Hallo und :willkommen
Also Koi in einer Regentonne  solltest du nicht machen. Google mal nach Faltbecken, vielleicht kann man sowas auch leihen.
Was du aber mit deinen Fröschen, Molchen usw. Machen kannst ??? Mal sehen was andere zu schreiben.


----------



## Joey-03 (8. Mai 2010)

*AW: Wo hin Mit den Fischen*

Hallo Uwe,
danke für deine rasche Antwort.

Ja hatte mich schon bei Ebay umgeschaut wegen Hälterungsbecken und war gestern Abend im Baumarkt 
da kam ich auf die Idee mit der Regentonne 
Mein Händler hatte ich auch schon befragt wegen einem Becken zu leihen aber er brauch die Dinger im Moment alle selber 

Gruß


----------



## herbi (8. Mai 2010)

*AW: Wo hin Mit den Fischen*

Servus Joe,...

habe damals in der Umbauphase meine 8 Koi in einer 500ltr.
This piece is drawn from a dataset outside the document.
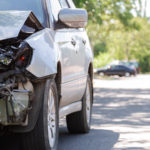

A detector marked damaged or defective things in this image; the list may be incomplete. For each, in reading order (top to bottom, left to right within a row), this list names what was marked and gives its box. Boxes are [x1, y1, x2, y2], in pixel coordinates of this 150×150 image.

damaged car rear [0, 0, 94, 150]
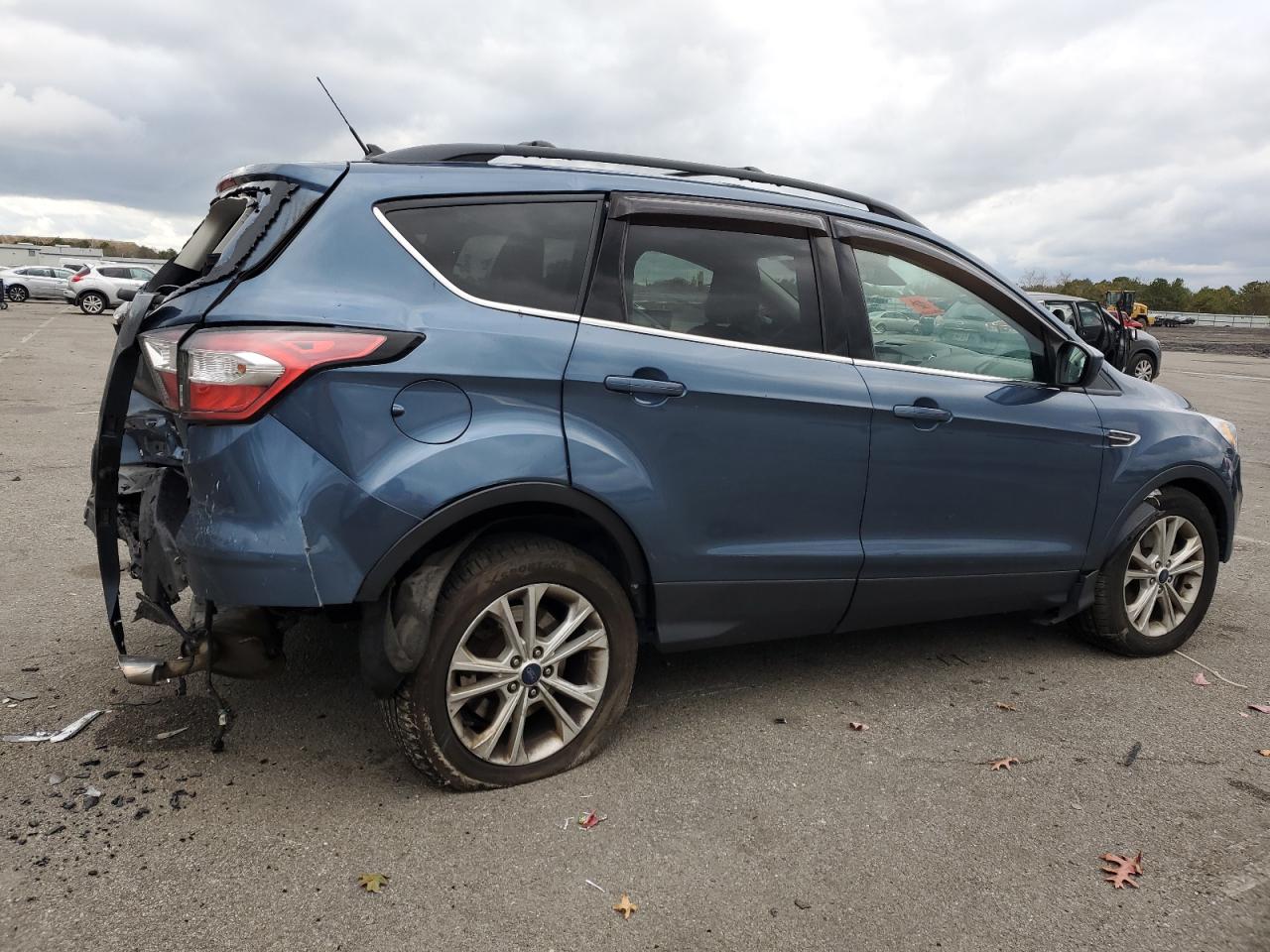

Regentonne gehältert,....!
Die alte Filteranlage habe ich weiterlaufen lassen in diesem Behälter,....es war zwar nee Menge Arbeit,...weill ich jeden zweiten Tag TWW machte,um das Nitrit im Griff zu haben,...etwas aufgesalzen habe ich damals auch.... aber es hat sich gelohnt,....

Ich denke wenn deine Fische gesund sind,...dann schaffen sie das auch,...du musst nur dahinter sein,...und evtl. einen Plan "B" haben,...sollte der Umbau zulange dauern,....!

Manche kaufen sich auch einen Gartenpool,...den mit diesen aufblasbaren Ring,...und hältern da ihre Lieblinge,....

Wichtig ist nur das du das Teichwasser verwendest,....


Die __ Molche denke ich könntest du dazu geben,...die Libellenlarven könntest du in eine große Wanne gefüllt mit Kies und Sand stecken,...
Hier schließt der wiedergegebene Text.